F1: la FIA comincia la sua rivoluzione araba

Una federazione più moderna, aperta a tutti e disponibile al dialogo. E’ l’idea del presidente Ben Sulayem che in vista della prossima stagione sta varando la rivoluzione di immagine della federazione. La FIA, come si è visto in passato, è sempre stata arroccata su posizioni molto chiuse: con la presidenza Balestre, anni 80, i conflitti erano all’ordine del giorno con le squadre e per la sicurezza stradale, non si faceva niente. Poi c’è stata l’epoca Mosley, più attento alle esigenze dei team e con i primi tentativi di far passare due concetti che oggi sono di moda: la limitazione delle spese (ora chiamato budget cap) e il numero di gare. Tanto che a metà anni 90 in una intervista Mosley disse chiaramente il concetto: “Meno prove e più gare, le prove non portano soldi, le gare sì. Credo che 25 GP sia il massimo per una stagione”.

All’epoca se ne facevano 16-17 e sembravano già tante, per non parlare delle prove. La Ferrari, ad esempio, aveva tre squadre che giravano contemporaneamente a Fiorano, Mugello e in una pista da GP, tanto che negli anni dei trionfi di Schumacher, si facevano 50 mila km di test a fronte dei 5 mila dei GP… Poi c’è stata l’era Todt, più attenta alla sicurezza stradale, ai piloti come esempi di comportamento e le campagne stampa in questo senso. Poco sportivo, ma utile per aprire le porte della UE e dei ministeri dei trasporti che hanno cominciato a versare qualche soldino per ricerca e sviluppo su iniziative della stessa FIA. Dopo i mandati di Todt, ecco la svolta. Con Ben Sulayem si cambia volto alla federazione. Le polemiche di questa stagione, in realtà, sono il frutto della vecchia gestione Todt, una gestione politica e dura con un solo uomo al comando e una serie di supporti in cui prebende e incarichi servivano a rendere tutti contenti.

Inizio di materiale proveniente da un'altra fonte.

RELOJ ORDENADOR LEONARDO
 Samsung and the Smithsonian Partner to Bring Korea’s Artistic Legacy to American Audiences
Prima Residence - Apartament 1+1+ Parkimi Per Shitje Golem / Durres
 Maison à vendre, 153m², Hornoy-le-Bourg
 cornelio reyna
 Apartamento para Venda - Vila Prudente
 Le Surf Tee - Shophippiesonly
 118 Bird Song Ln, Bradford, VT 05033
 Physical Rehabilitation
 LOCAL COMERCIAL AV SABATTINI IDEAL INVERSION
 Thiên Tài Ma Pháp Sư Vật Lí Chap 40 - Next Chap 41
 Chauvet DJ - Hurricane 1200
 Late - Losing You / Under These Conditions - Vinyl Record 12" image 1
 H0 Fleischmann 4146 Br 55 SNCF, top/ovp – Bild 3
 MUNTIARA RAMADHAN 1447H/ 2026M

Questa rivoluzione araba, in realtà, non è nata negli Emirati, ma proviene da un punto ben preciso in Europa. E’ in Inghilterra, con lo staff di David Richards (Ex Prodrive e Benetton F.1) il fulcro di questa rivoluzione che ha affossato l’erede di Todt e permesso la nascita del governo Ben Sulayem. E l’ex campione di rally ha subito scoperto i punti dolenti. Mancanza di soldi per investimenti e progetti, problemi di comunicazione enormi, sfociati nelle decisioni ai GP di F.1, quelli sotto gli occhi di tutti. Mani legate per iniziative diverse per via dello statuto e della sede europea, Parigi, che impone obblighi per le federazioni sportive. La scelta di uomini fidati senza crearsi nemici all’interno della stessa federazione. Pensate a chi ha ricevuto incarichi di prestigio e poi viene estromesso ma continua a far parte del gruppo di lavoro…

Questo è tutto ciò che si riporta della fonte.